Jeff Law May 30, 2023, 10:09 p.m. UTC | #3
On 5/30/23 16:01, 钟居哲 wrote:
> I agree with Andrew.
> 
> And I don't think this patch is appropriate for following reasons:
> 1. This patch increases vector workload in machine since
>       it convert scalar load + vmv.v.x into vmv.v.i + vsll.vi.
This is probably uarch dependent.  I can probably construct cases where 
the first will be better and I can probably construct cases where the 
latter will be better.  In fact the recommendation from our uarch team 
is to generally do this stuff on the vector side.

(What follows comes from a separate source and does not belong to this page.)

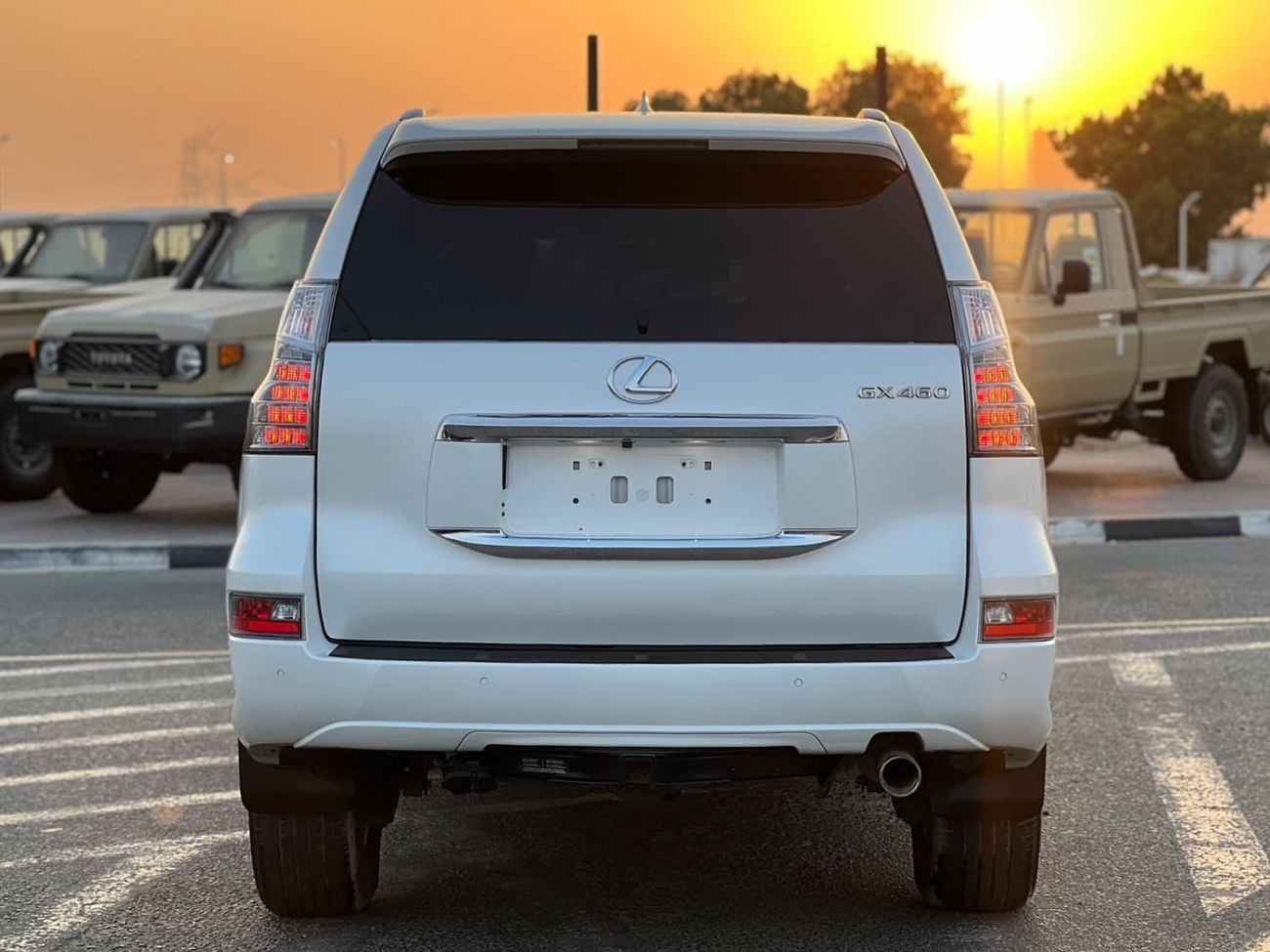 Lexus GX460 2018 Lexus GX460 Full Option 4.6L V8 - Sunroof - Rear Camera & Sensor - Leather Seat - AWD 4x4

> 2. For multi-issue OoO machine, scalar instructions are very cheap
>      when they are located in vector codegen. For example a sequence
>      like this:
>        scalar insn
>        scalar insn
>        vector insn
>        scalar insn
> vector insn
>        ....
>        In such situation, we can issue multiple instructions simultaneously,
>        and the latency of scalar instructions will be hided so scalar 
> instruction
>        is cheap. Wheras this patch increasing vector pipeline workload 
> is not
>        friendly to OoO machine what I mentioned above.
I probably need to be careful what I say here :-)  I'll go with mixing 
vector/scalar code may incur certain penalties on some 
microarchitectures depending on the exact code sequences involved.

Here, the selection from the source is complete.